Gitty’s test came up positive, as she knew it would. But contrary to Daniel Schwartz’s prediction, she is not sunk. Not yet. But court dates take time, something Gitty does not have. She knew Yoely, with his get from the rabbinical court, had remarried. Soon he’d be starting a new family. As daughter of Chaim, stepdaughter of Avrum, Gitty knew what that meant. Soon, very possibly, Esther Miriam would become nothing more than an afterthought, the bad memory of her ex-husband’s first, terribly failed marriage. She’d be the older stepsister charged with the care of her younger, favored siblings, a drudge cleaning between the floorboards for weeks before each Passover, someone who saw beautiful rainbows and felt only dread. This was the ultimate nightmare: Esther Miriam married off at age 17, bearing a dozen children to an indifferent KJ guy she’d never love. From Gitty’s point of view, there could be no worse next chapter in the New York Jewish generational saga that began with Matty and Carol Feinman.
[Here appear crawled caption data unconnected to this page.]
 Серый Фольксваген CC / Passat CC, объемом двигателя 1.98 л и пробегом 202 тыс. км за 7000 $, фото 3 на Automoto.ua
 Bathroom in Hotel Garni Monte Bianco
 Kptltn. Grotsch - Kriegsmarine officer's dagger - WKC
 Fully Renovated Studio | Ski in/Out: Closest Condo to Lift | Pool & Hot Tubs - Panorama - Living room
Meanwhile, Gitty is trying to “be normal.” Mostly she’s been looking for a job, which is difficult since, like most KJ dropouts, she has no GED and few skills. She’s checked the lower-Manhattan restaurants, hoping to catch on as a waitress, but has no experience. “Even in the diner they want experience,” she says. The fact is, even if she ate dim sum for the first time and pronounced it “totally trayf, totally good,” Gitty’s expertise in non-kugel cuisine is spotty. The other day, she had to ask what a lobster was. Her best employment prospects seem to be as a home aide for the elderly, a field where fluent Yiddish can be a major plus. This is not considered a thrilling option by Gitty, who fancies herself more in the line of an actress or fashion designer.

But she’s doing her best to “remain positive.” Recently, her beloved younger brother, Sruli, came to New York from Toronto, where he received a scholarship to art school after fleeing KJ. They stayed at Matty and Carol Feinman’s house and went to the Met. Little by little, Gitty has been filling in what she calls “my cluelessness.” The other day, dialing through my iPod, Gitty said, “Oh, Billie Holiday. My grandmother loves Billie Holiday.” A moment later, when “What a Little Moonlight Can Do” punched up on the box, Gitty said, “Wow, Billie Holiday is a woman?”
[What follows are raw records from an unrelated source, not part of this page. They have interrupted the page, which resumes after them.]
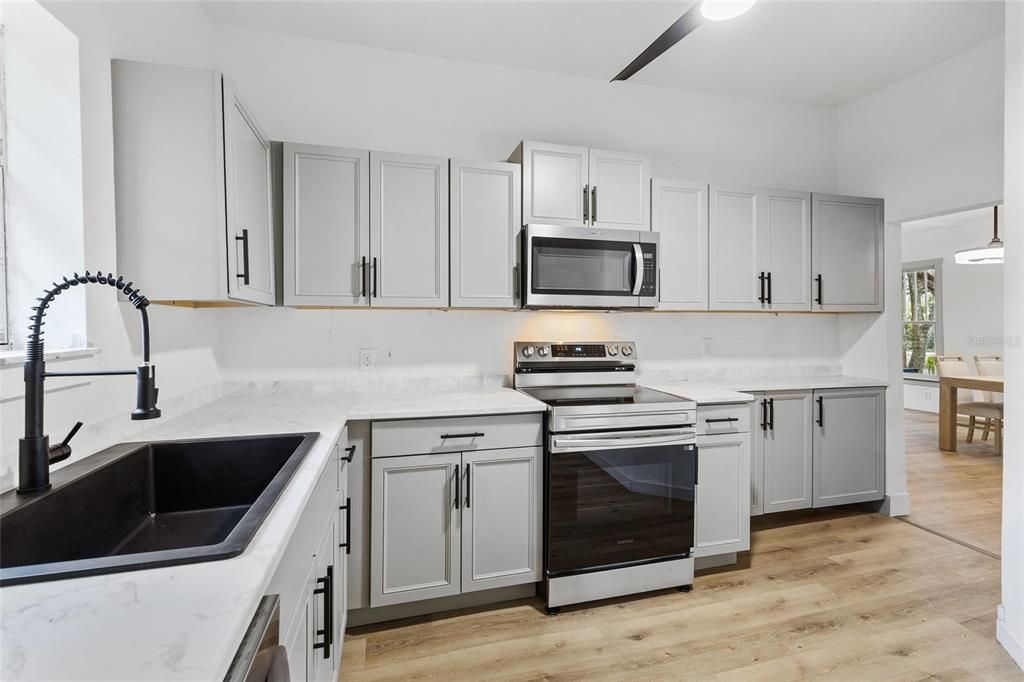 For Sale: $189,900 (3 beds, 2 baths, 1266 Square Feet)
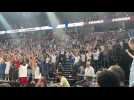 Basket : le clapping des supporters français à Orléans pour France - Canada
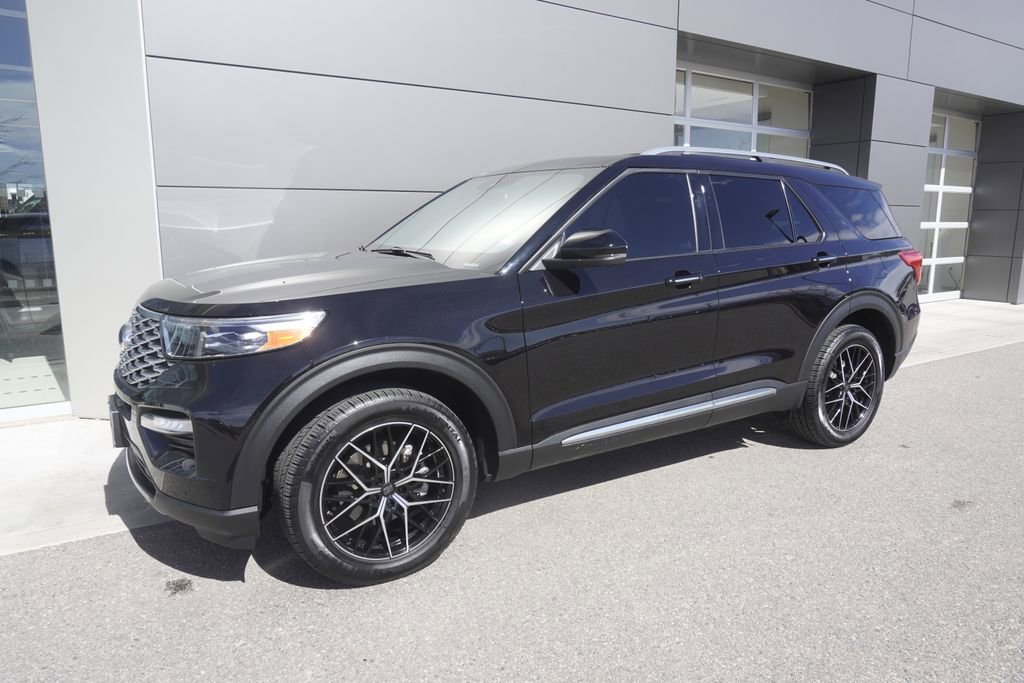Used 2023 Ford Explorer Platinum w/ Technology Package image 3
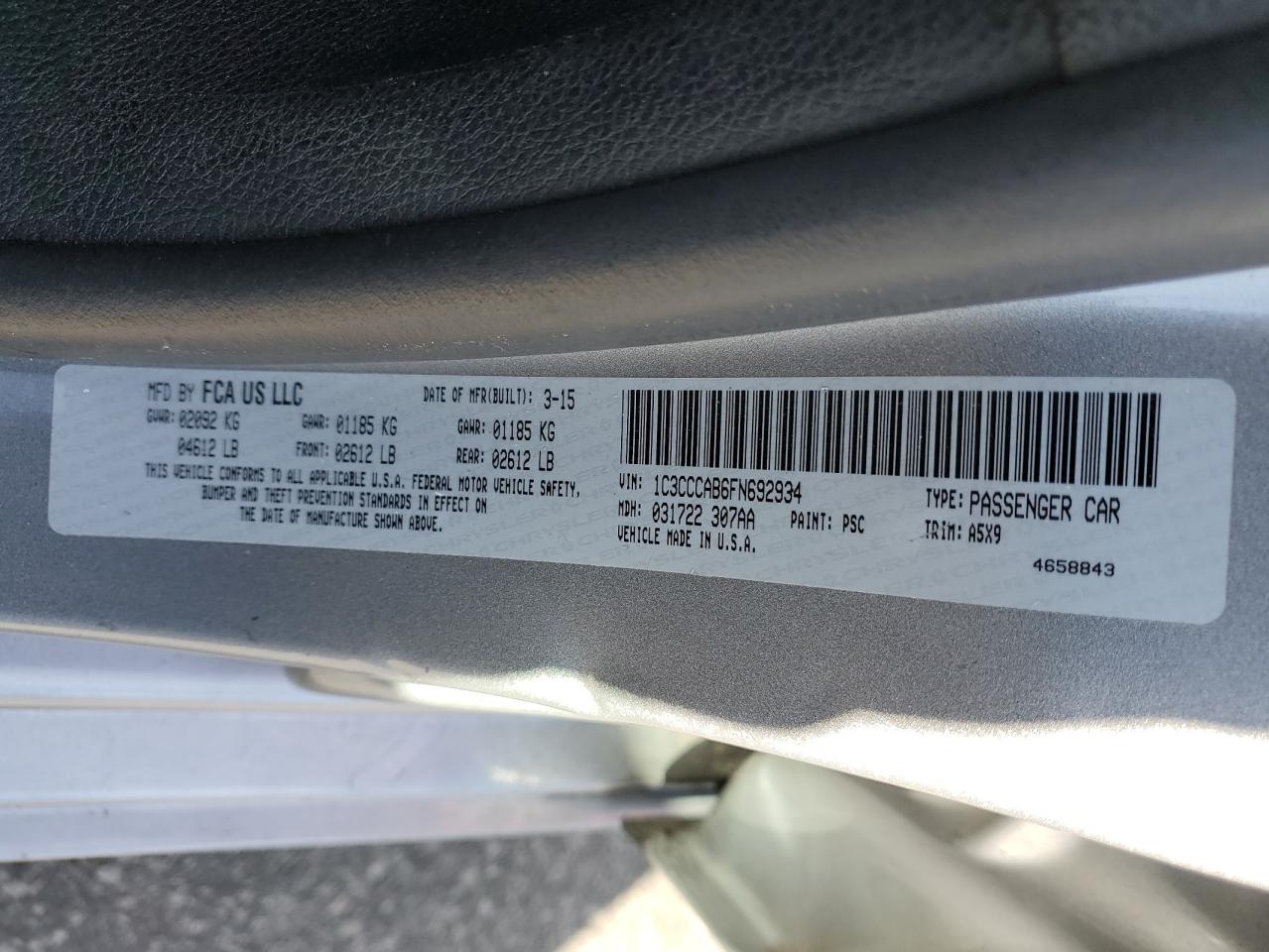 2015 Chrysler 200 - Image 14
As the case drags on, some of Gitty’s friends have attempted to console her, saying she’ll have more babies and the pain she feels over Esther Miriam will go away. “I hear that and I want to punch in the face of those people,” she says.

Gitty knows nothing will ever be right without Esther Miriam. A couple weeks ago, after the usual hassle, Yoely agreed to let Gitty see Esther Miriam at Deborah’s house. Gitty arrived to find the Barbie dolls she’d bought Esther Miriam wrapped in duct tape.
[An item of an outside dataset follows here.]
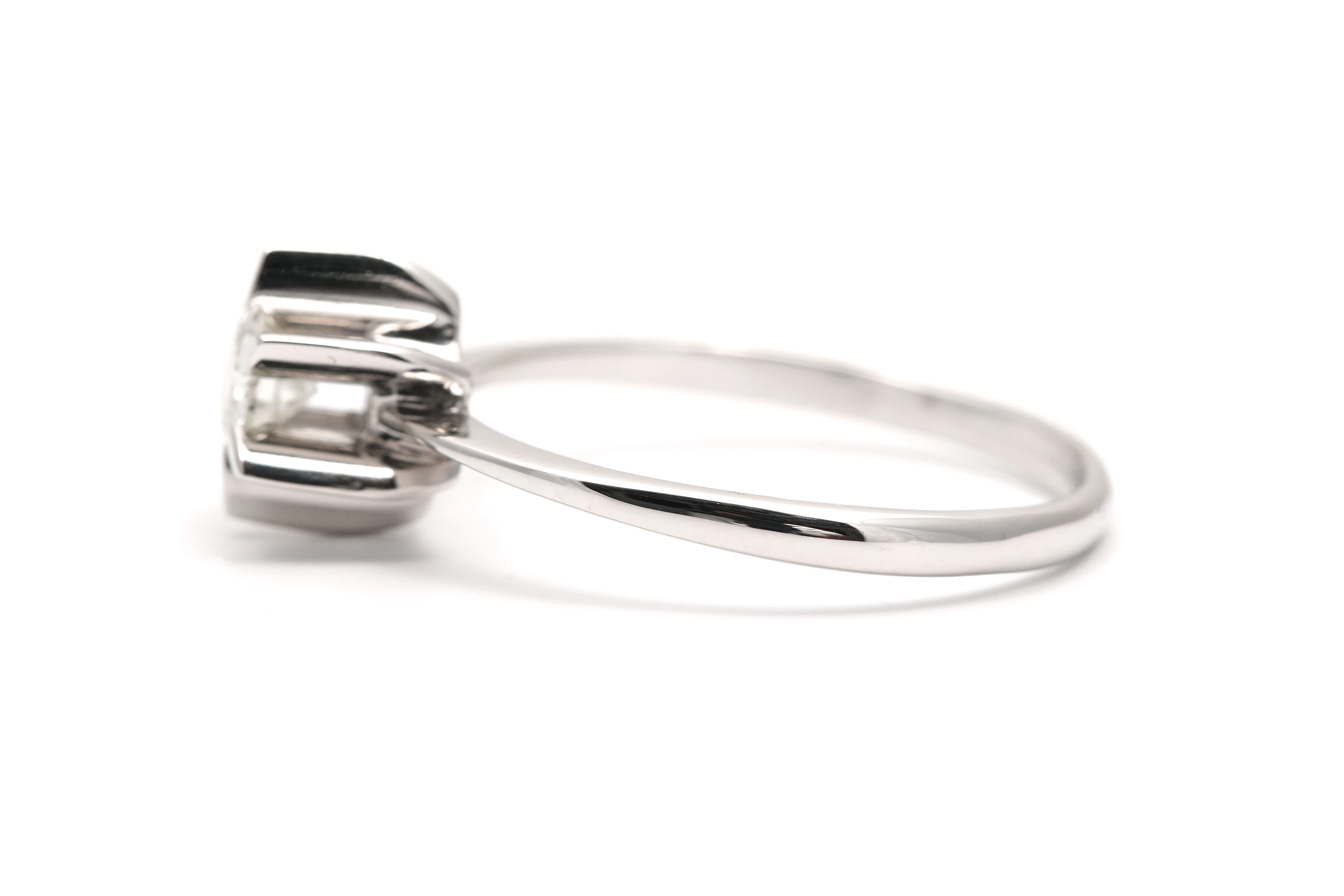 Bague Années 70 en or blanc 18 carats sertie d'un diamant taille "brillant" (+-0.40 ct) - - 3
“They were idols, my parents said,” Gitty recounted. “Then Esther Miriam started to sing, so they called the rabbi about the halachas about whether men could hear the voice of a 4-year-old.”

A few days later, Gitty was in Williamsburg, but not the Satmar Williamsburg. Red baseball hat on her head, looking good in a grayish T-shirt with cutoff sleeves, she was in a Brazilian restaurant under the Williamsburg Bridge, eating some fish stew she never knew existed before. Recalling the details of her weekend, she said, “I must have a head made out of metal not to go crazy from all this.”

Then Gitty’s cell phone rang. It was Esther Miriam. The call was court-ordered, ruled by the Orange County judge after hearing that Yoely’s family refused to pick up when Gitty called to talk to her daughter.

“Mommy,” came the high-pitched voice, audible even with the J train rumbling on overhead. “Esther Miriam!” Gitty replied. When Esther Miriam asked when she would see her mother again, Gitty brushed a stray tear from her eye and said, “Soon … very soon.”